| What the exercise asks |
Transcribe exactly every line from the one containing "BOTOX BROW LIFT" down to the final line of the listing below, including both, and leave out the rest.

| Data excerpt |
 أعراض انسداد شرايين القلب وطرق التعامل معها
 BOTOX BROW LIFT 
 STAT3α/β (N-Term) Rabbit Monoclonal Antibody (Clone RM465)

| Response below |
 BOTOX BROW LIFT 
 STAT3α/β (N-Term) Rabbit Monoclonal Antibody (Clone RM465)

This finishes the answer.